82. 2001 boxing biopic : ALI

“Ali” is a 2001 biographical movie about Muhammad Ali, with Will Smith in the title role. Among other things, the film is noted for its realistic fight scenes. The scenes were realistic because Smith was really being hit, as hard as his opponents could manage.

86. Cheating millionaire? : HEEL OF FORTUNE (from “Wheel of Fortune”)

Contestants have been spinning the “Wheel of Fortune” since the game show first aired in 1975.

89. Doc’s pal : SLEEPY

In the original Brothers Grimm fairy tale called “Snow White”, the seven dwarfs were not given any names.
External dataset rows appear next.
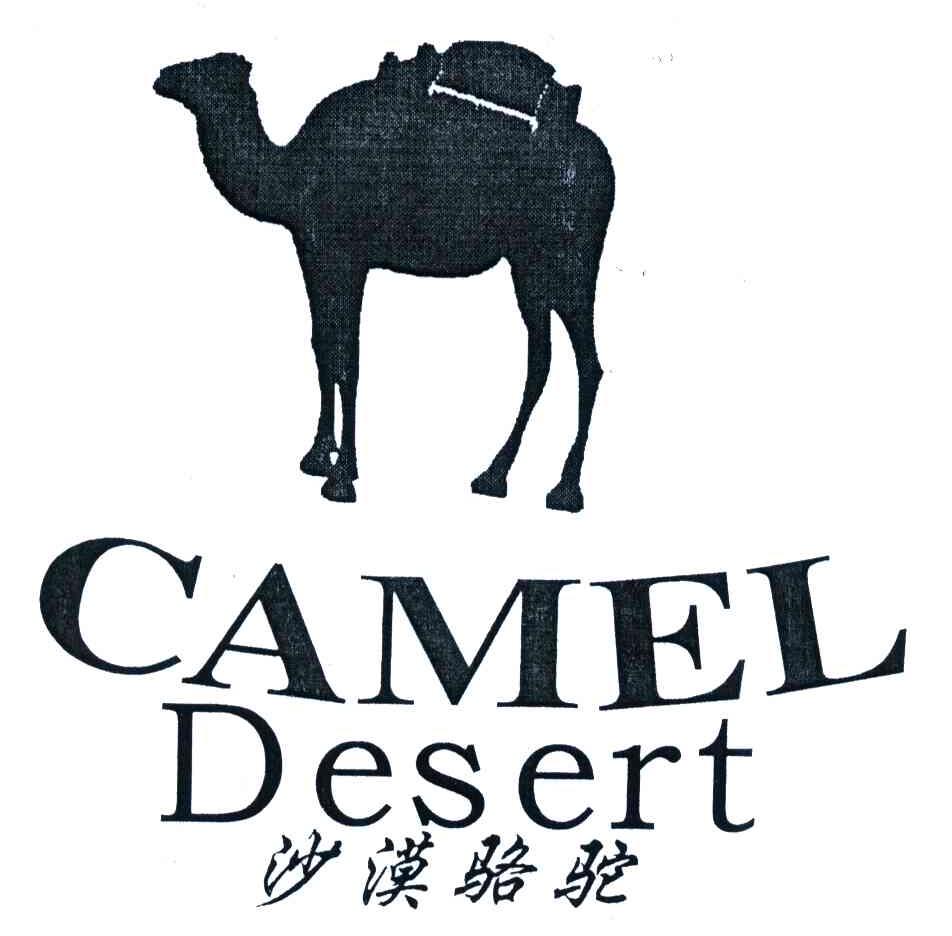 商标名称沙漠骆驼;CAMEL  DESERT商标注册号 4432099、商标申请人冯宝志的商标详情 - 标库网商标查询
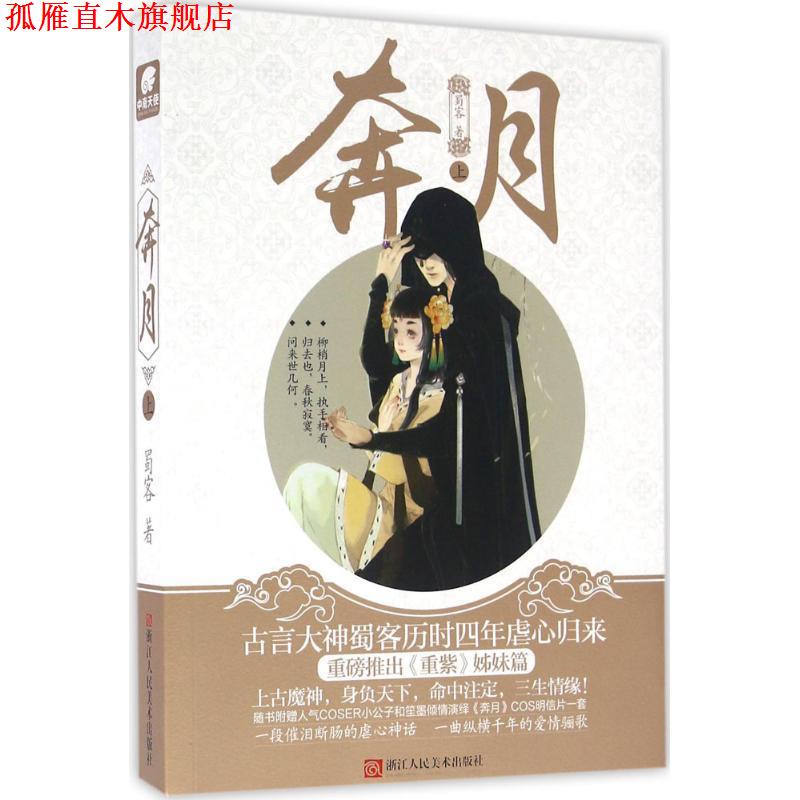 【正版书】 奔月 蜀客 著 浙江人民美术出版社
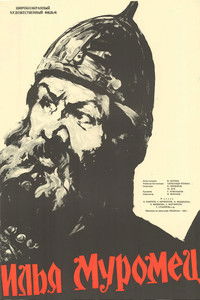 Илья Муромец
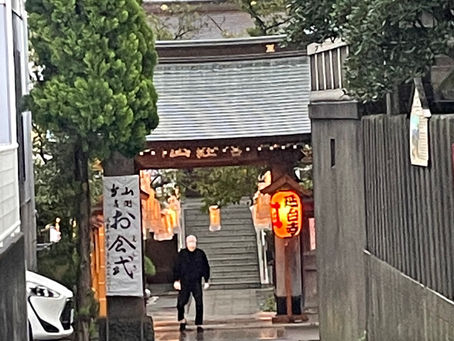 延台寺のお会式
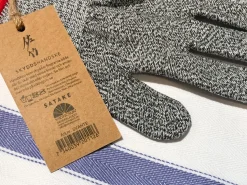 Guante protector Satake, gris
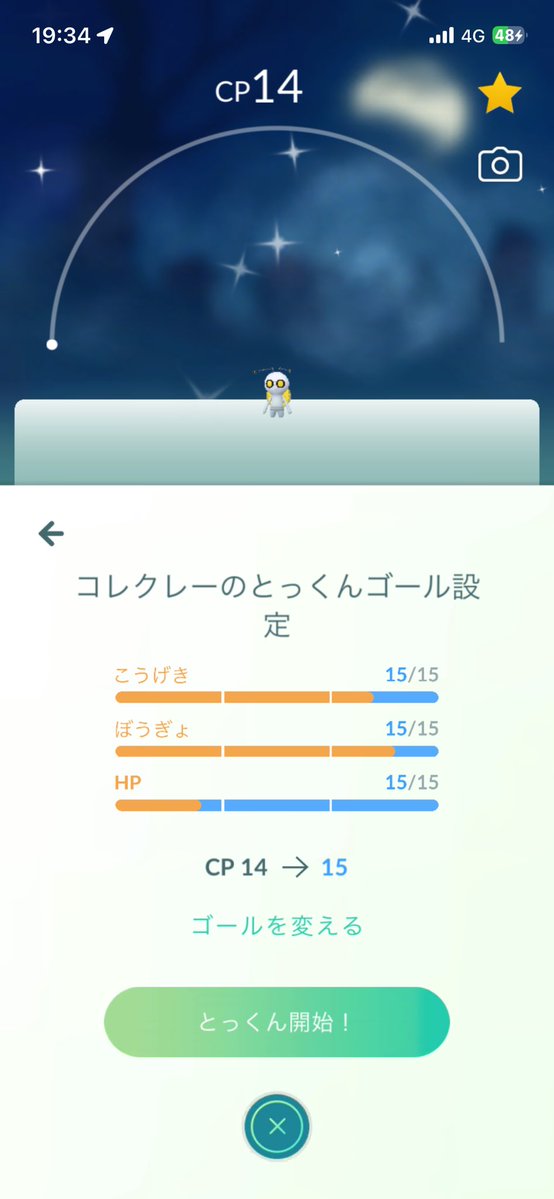 Gorirasu_'s tweet photo. 使う相手間違ってるのは分かってるけど、飴足りるほどガチ勢じゃないからフル強化出来ないし、ならば推し活!!!!!!

マスボ入り色違いコレクレーしか勝たん👊 https://t.co/ehirsLk2tO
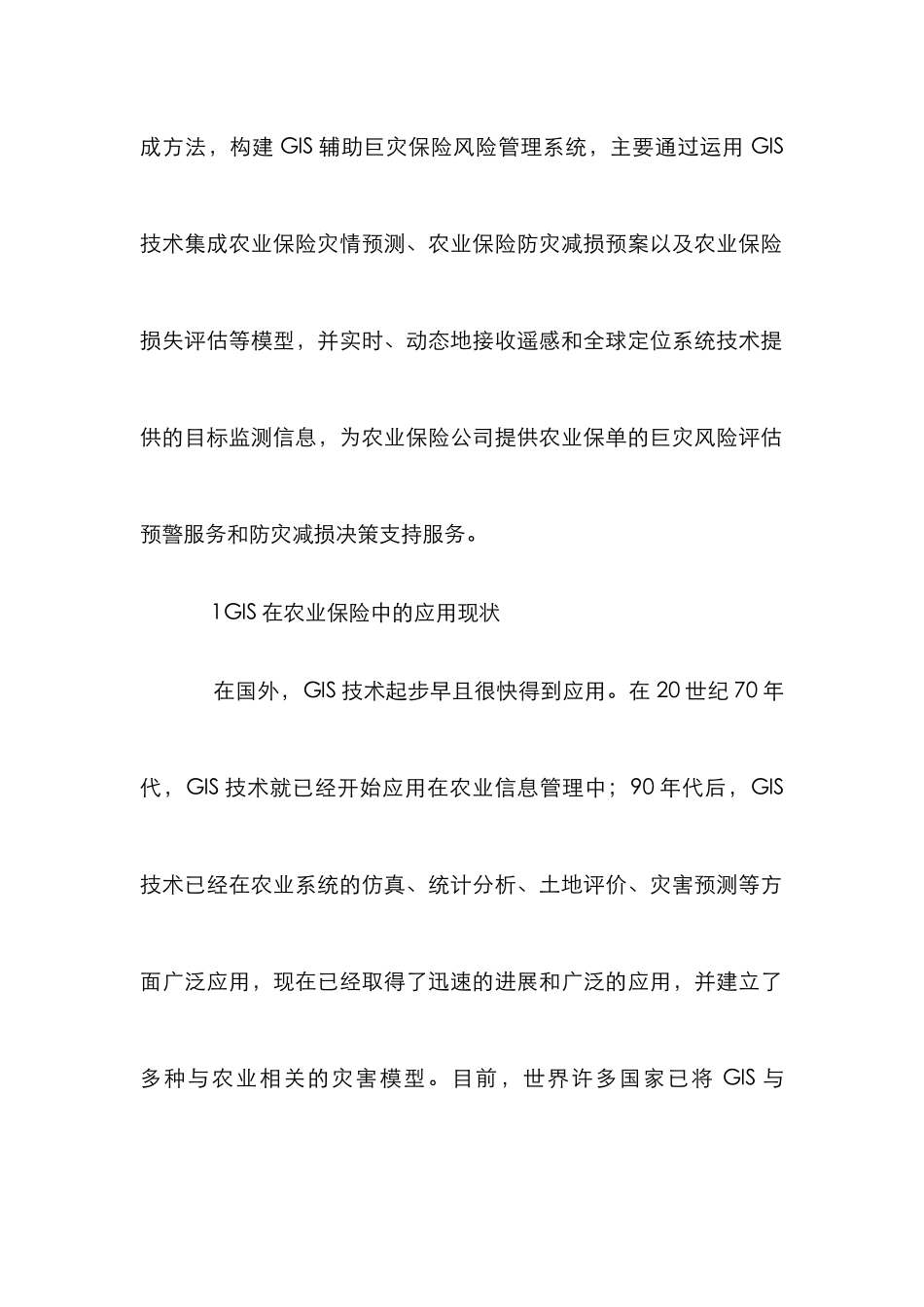 GIS在农业保险的运用及作用_第2页
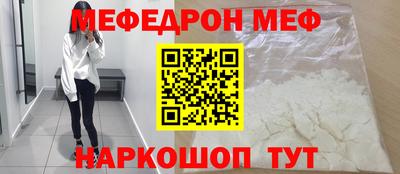 мефедрон Нарткала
The names were added for the 1937 classic Disney film “Snow White and the Seven Dwarfs”. The seven dwarfs are:

  • Doc (the leader of the group)
  • Grumpy (that would be me, according to my wife …)
  • Happy
  • Sleepy
  • Bashful
  • Sneezy
  • Dopey

91. TV’s “Science Guy” : NYE

That would be “Bill Nye the Science Guy”. Bill’s show ran on PBS for four years from 1993-97.

96. Gardner of old Hollywood : AVA

Ava Gardner is noted for her association with some big movies, but also for her association with some big names when it came to the men in her life. In the world of film, she appeared in the likes of “Mogambo” (1953), “On the Beach” (1959), “The Night of the Iguana” (1964) and “Earthquake” (1974). The men in her life included husbands Mickey Rooney, Artie Shaw and Frank Sinatra. After her marriages had failed (and perhaps before!) she had long-term relationships with Howard Hughes and bullfighter Luis Miguel Dominguin whom she met through her friend Ernest Hemingway.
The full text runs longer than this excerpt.